Catalogne: Tout ce qu’il faut savoir

Au terme d’une escalade de la tension importante et d’une journée émaillée de violences policières, la situation en Catalogne est bloquée. Une solution politique est-elle encore possible ? Une analyse.

La police espagnole saisit des urnes utilisées dans le référendum. (© EPA-EFE)

Plus de 800 blessés, c’est le bilan au terme d’une journée marquée de violences policières. Dimanche, un référendum s’est tenu en Catalogne. « Voulez-vous que la Catalogne devienne un État indépendant en forme de république ? », voilà la question qui était posée. Le référendum, déclaré anticonstitutionnel par le Tribunal Constitucional – la Constitution espagnole stipule entre autres que l’unité de la nation espagnole est « indissoluble » -, avait été interdit par le gouvernement de Madrid.

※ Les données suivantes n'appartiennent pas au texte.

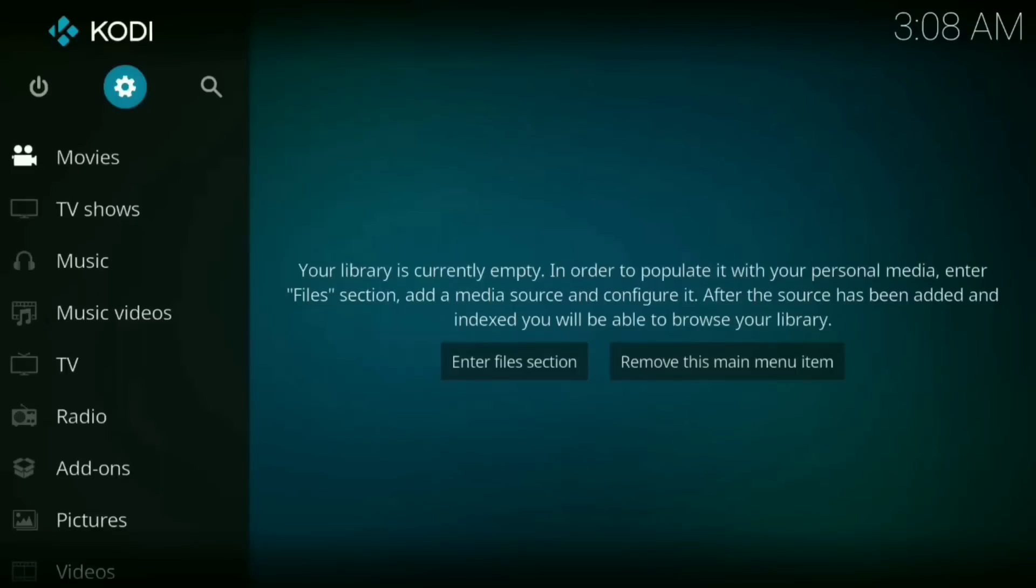Hey y'all, this is JCG Studios back with another video and I'm going to show you guys how to download the latest version of Exodus right onto your Kodi and I'm going to show you guys how to do that right now.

Face au refus de dialogue du gouvernement central, le gouvernement régional catalan, formé par une coalition de partis indépendantistes – qui n’avaient ensemble reçu que 47,8 pour cent des voix lors des élections de 2015, mais qui disposent d’une majorité au parlement -, a choisi la voie de la désobéissance ouverte. Face à eux, un Mariano Rajoy impassible, refusant toute négociation sur la question nationale ou un éventuel référendum : le chef du gouvernement minoritaire toléré par les socialistes du PSOE était décidé à ne pas céder d’un pouce. « Il n’y aura pas de référendum », n’arrêtait-il pas de répéter.

Le référendum a eu lieu

Finalement, il y a eu référendum. Face à l’attitude défiante du gouvernement catalan, conscient de l’impossibilité d’empêcher la tenue de la consultation, l’administration Rajoy était prête à tout pour empêcher que le résultat soit recevable. Pour cela, elle a procédé à des perquisitions et a fait arrêter de hauts fonctionnaires appartenant à un groupe de travail chargé de l’organisation du scrutin. Elle a fait fermer des sites web et bloquer le système de comptage électronique des voix, confisqué des bulletins de vote et des urnes. Elle aussi placé sous le contrôle du ministère de l’Intérieur espagnol la police régionale catalane, les Mossos d’Esquadra, et envoyé 6.000 policiers supplémentaires en Catalogne.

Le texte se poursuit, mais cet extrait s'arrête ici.